# Your task
In the records below, find the line with "Mastro Principal M28 Selens" and repeat exactly every line from it through the line with "minn-kota-ultrex-trolling-motor-45in-80lb-i-pilot-link-mdi-1". Pictures stay out.

# Dataset content
[Start of section]

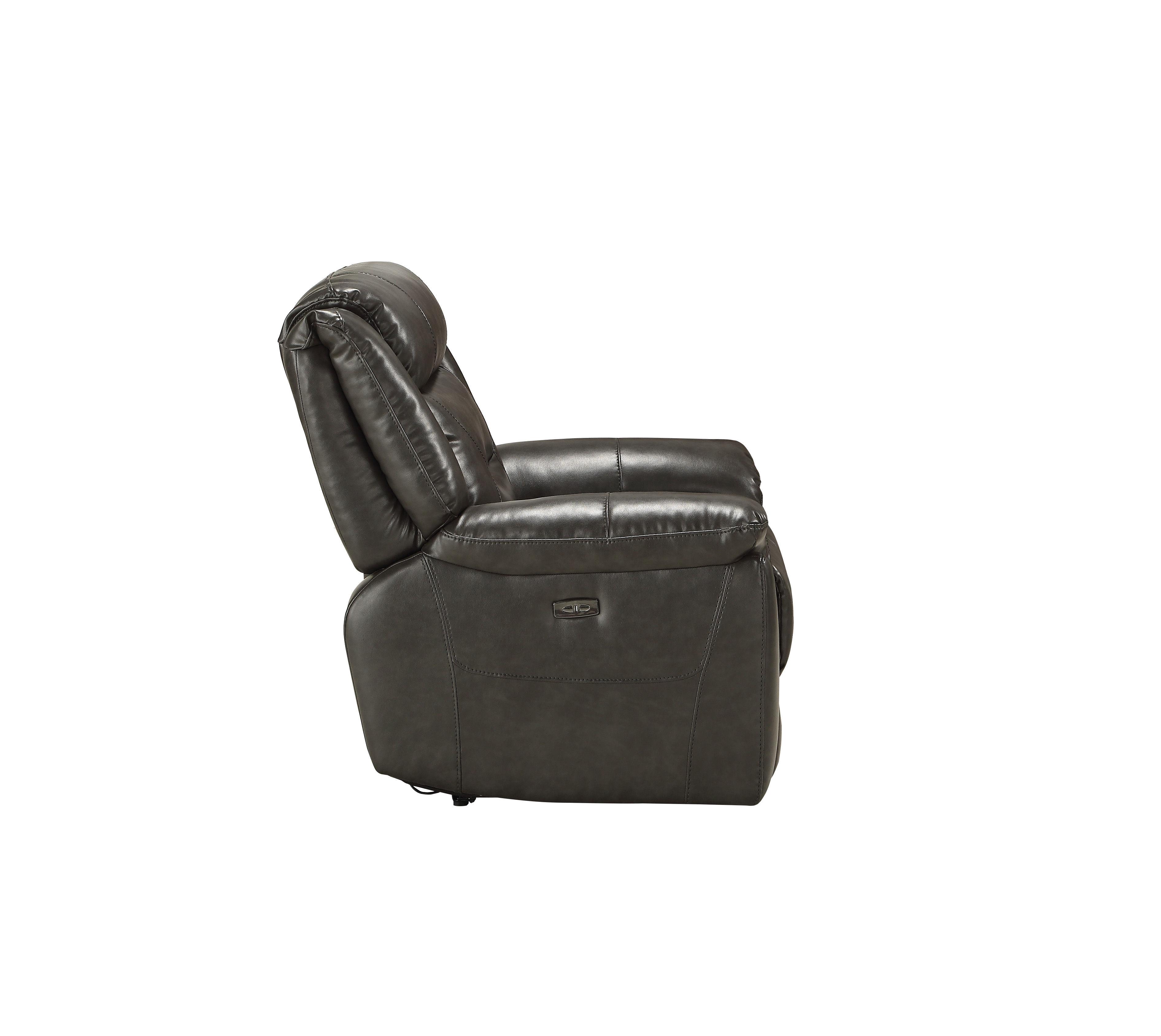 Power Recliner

[End of section]
[Start of section]

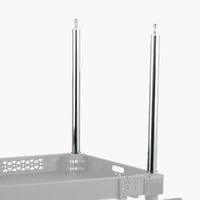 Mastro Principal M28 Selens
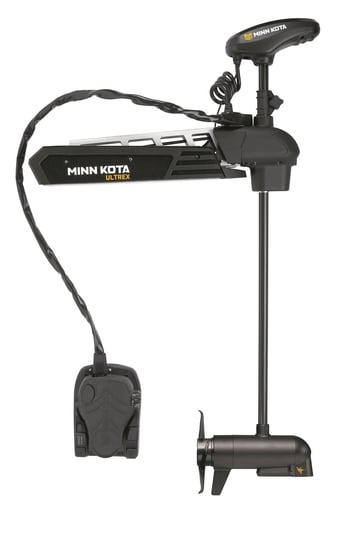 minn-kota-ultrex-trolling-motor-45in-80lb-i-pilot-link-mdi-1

[End of section]

# Task response
 Mastro Principal M28 Selens
 minn-kota-ultrex-trolling-motor-45in-80lb-i-pilot-link-mdi-1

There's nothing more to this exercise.